For the purists out there, this version of Fear Factory that only features original members Burton C. Bell and Dino Cazares just doesn't measure up as the "real deal". To those people, I hope you enjoy missing out on one of the greatest resurgences in all of heavy metal. Without question, Fear Factory was at a point where it was time to give it up and do other things. Albums like ARCHETYPE and TRANSGRESSION were just shells of the former intensity that the band had possessed, and most thought these guys were done. Still, Bell rekindled his relationship with Cazares, pushed aside other original members, and forged ahead. If it did nothing else, the extremely solid MECHANIZE proved that the fire in the band was always spawned from the riffs of Cazares and the voice of Bell. With THE INDUSTRIALIST, they have seemingly taken it all the way back to their best era of the band.

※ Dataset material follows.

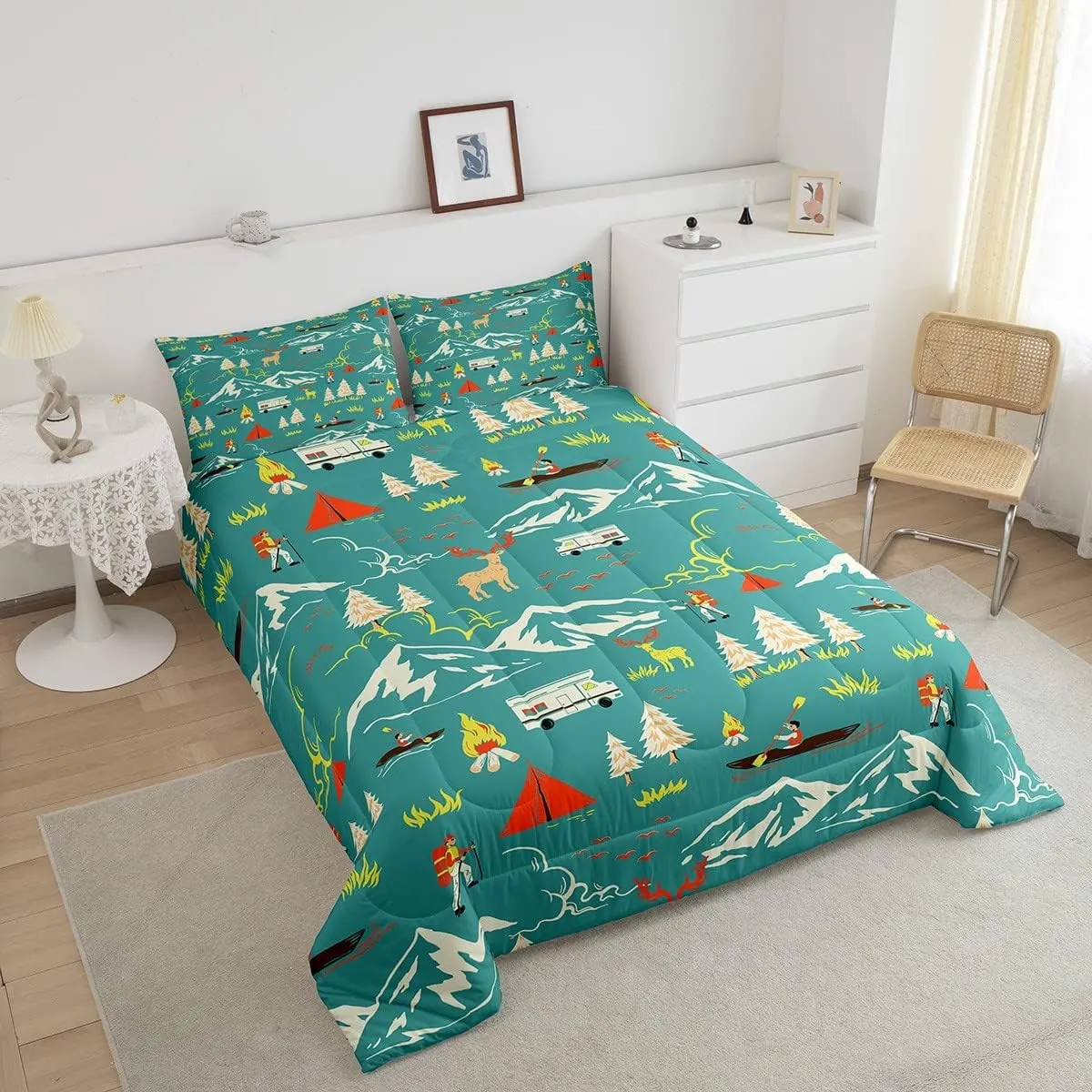 Kids Camping Comforter Set Twin Size, Farmhouse Camper Car Bedding Set, Deer Wild Animals Bedding Comforter Sets, Mountain Adventure Down Comforter, Firemen Woodland Duvet Insert, 2Pcs Green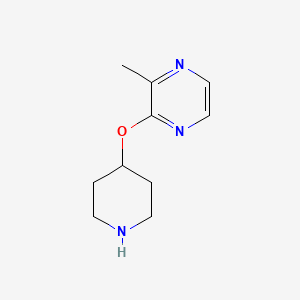 molecular formula C10H15N3O B2723989 2-甲基-3-(哌啶-4-氧基)吡嘧啶 CAS No. 1421106-95-7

THE INDUSTRIALIST is the second best album in the Fear Factory catalog. Only DEMANUFACTURE stands above it in the catalog. I know, that's extremely high praise when you consider that albums like OBSOLETE and SOUL OF A NEW MACHINE are being passed for those words. Still, it is what it is. THE INDUSTRIALIST, a concept album from Bell loosely based on one of his always present themes (machinery evolving to take over mankind), feels so much like the DEMANUFACTURE/OBSOLETE era of the band that it wouldn't be at all surprising if this album was written and shelved for whatever reason back in that era. While Bell and Cazares basically performed this album themselves (drummer John Sankey performed on it and did the programming, but all vocals, guitars and bass were performed by Bell and Cazares), the results are astonishingly full and vibrant. Fear Factory has found its way back to its core sound. Tracks like the blistering "New Messiah" showcase both the multi-inflectioned voice of Bell and the brilliant, tight industrial meets metal riffs that have defined Cazares' long career. Bell is particularly good on THE INDUSTRIALIST, as some of his vocals on later records almost came off as a parody of older releases. Still, leading the way is Cazares. Always having his own extremely identifiable sound, Cazares has added little things here and there to really expand what he's done previously. Songs like "God Eater" are prime examples of the expanded playbook of Cazares. On this track, he not only features his heavy riffing that's instantly recognizable, but he also incorporates a lower, droning type line (a la a band like Meshuggah) to the underside of the song to just fatten it up that much more.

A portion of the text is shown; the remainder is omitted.